Noi facciamo dei duetti soltanto se ci sono legami artistici reali, di amicizia, umani. Carmen è una grande amica della Banda da tanti anni, conosceva benissimo Enrico e quindi ci ha messo veramente del suo e ha reso anche questo omaggio un po’ meno personale e più universale.

Come si elabora un lutto, come quello che vi ha colpito, in una band?

Quella di Enrico è stata una perdita di portata doppia, non solo dal punto di vista umano, fraterno, personale, ma anche la perdita di un collega, un artista di altissimo livello, grandissimo autore di testi e frontman. E quindi ci siamo trovati spiazzati.

Per me l’elaborazione significava chiudermi in me stesso, per me la Banda era finita, pensavo che la mia carriera sarebbe proseguita mettendo la mia chitarra al servizio degli altri musicisti che volessero condividere un percorso con me. Poi, invece, grazie agli attestati di amicizia, di fiducia, di fede da parte dei fan e degli amici abbiamo sentito un grande calore, una spinta: tutti ci hanno detto che dovevamo continuare.

E mi sono tornate in mente le parole di Enrico: lui stesso, prima di lasciarci mi ha detto: ‘Ale, fa’ in modo che la nostra musica vada avanti’. E quindi mi sono sentito chiamato in causa. Nei primi tre anni ci ha dato una mano Stefano Cisco Bellotti, un grande amico della Banda che ci ha dato coraggio, ci ha fatto un po’ da paravento.
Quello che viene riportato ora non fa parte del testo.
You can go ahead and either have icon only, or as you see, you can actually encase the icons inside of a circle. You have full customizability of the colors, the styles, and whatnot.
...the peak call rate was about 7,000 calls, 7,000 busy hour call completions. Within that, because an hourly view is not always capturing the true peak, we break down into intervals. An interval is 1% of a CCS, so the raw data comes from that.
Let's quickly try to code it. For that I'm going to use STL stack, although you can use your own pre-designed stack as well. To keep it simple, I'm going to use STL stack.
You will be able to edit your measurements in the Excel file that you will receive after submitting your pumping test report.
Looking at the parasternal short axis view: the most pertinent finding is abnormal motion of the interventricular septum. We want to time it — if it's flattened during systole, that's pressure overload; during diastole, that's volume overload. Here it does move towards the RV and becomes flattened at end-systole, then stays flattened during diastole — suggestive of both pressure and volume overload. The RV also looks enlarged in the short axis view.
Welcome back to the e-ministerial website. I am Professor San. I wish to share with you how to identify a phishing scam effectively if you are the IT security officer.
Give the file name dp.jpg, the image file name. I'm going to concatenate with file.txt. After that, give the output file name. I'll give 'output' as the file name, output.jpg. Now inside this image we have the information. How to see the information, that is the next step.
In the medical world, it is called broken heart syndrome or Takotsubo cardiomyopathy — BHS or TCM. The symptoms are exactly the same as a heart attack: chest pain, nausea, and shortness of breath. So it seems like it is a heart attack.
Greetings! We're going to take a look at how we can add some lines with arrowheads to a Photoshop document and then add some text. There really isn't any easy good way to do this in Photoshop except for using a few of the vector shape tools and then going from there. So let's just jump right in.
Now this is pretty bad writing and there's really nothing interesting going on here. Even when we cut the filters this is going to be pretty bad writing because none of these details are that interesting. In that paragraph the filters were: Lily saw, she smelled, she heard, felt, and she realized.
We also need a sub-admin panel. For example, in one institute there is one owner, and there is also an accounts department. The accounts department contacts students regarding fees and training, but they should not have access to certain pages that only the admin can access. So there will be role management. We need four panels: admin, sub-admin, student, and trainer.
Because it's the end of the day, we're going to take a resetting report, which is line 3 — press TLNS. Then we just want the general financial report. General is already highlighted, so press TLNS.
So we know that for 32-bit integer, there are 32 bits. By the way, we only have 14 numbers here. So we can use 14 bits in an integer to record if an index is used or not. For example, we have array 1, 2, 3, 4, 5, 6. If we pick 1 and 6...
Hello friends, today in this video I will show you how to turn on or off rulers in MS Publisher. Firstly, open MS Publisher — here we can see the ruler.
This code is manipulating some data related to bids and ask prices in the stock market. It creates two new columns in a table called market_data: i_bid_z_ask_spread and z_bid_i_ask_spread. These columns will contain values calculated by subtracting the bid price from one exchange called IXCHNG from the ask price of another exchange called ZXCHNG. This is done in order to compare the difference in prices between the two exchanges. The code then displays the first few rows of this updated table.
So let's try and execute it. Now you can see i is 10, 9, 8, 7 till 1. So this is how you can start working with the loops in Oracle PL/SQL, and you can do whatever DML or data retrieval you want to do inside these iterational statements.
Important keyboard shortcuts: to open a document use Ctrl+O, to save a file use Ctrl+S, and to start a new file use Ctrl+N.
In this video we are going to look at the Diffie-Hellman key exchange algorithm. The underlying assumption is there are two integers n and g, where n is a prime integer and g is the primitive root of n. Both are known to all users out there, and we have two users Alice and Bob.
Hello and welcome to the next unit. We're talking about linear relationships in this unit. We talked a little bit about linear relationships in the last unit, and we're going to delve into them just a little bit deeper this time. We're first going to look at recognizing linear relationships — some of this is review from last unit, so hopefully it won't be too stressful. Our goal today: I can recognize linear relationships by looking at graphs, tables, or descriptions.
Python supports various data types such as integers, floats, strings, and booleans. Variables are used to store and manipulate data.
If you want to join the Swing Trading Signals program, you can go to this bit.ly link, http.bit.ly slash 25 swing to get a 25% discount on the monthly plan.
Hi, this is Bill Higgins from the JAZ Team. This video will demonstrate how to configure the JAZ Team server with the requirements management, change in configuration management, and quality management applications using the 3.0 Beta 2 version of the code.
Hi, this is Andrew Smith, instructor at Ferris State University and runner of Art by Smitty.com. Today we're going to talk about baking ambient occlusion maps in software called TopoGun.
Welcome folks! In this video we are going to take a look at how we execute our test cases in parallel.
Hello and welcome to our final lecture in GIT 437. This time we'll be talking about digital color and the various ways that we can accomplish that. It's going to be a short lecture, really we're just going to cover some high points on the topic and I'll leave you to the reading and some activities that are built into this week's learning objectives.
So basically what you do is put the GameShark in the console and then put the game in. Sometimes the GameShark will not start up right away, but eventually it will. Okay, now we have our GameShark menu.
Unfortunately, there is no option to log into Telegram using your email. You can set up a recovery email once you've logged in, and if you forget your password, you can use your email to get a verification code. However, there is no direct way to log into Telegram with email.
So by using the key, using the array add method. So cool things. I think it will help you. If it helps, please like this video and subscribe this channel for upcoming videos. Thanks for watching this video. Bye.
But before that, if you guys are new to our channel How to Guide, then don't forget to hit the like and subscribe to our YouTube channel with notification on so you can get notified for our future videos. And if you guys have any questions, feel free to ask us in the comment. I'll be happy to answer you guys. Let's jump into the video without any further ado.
Adesso tocca a noi, con questo ‘Fandango’: siamo ragazzotti oramai cinquantenni che hanno voglia di riprendere la loro vita in mano e cercare di superare, perché comunque la vita va avanti e così la musica. Come diceva qualcuno un po’ di tempo fa, ‘the show must go on’.

Ma questo non significa che la Banda andrà avanti per sempre: noi dopo la scomparsa di Enrico navighiamo a vista, non diamo più niente per scontato. Ogni volta facciamo un progetto, lo realizziamo e lo portiamo in fondo, ma solo se ci piace, se è genuino, rispettoso del passato della Banda e del nostro pubblico e della memoria di Enrico.

Non siamo mai stati artisti che fanno un disco e vanno a suonare solo per timbrare il cartellino: per noi non è solo un lavoro, è la nostra vita e deve essere bella a 360 gradi, convincente, genuina. Altrimenti, possiamo anche fare altro: in fondo, non ce l’ha ordinato il dottore.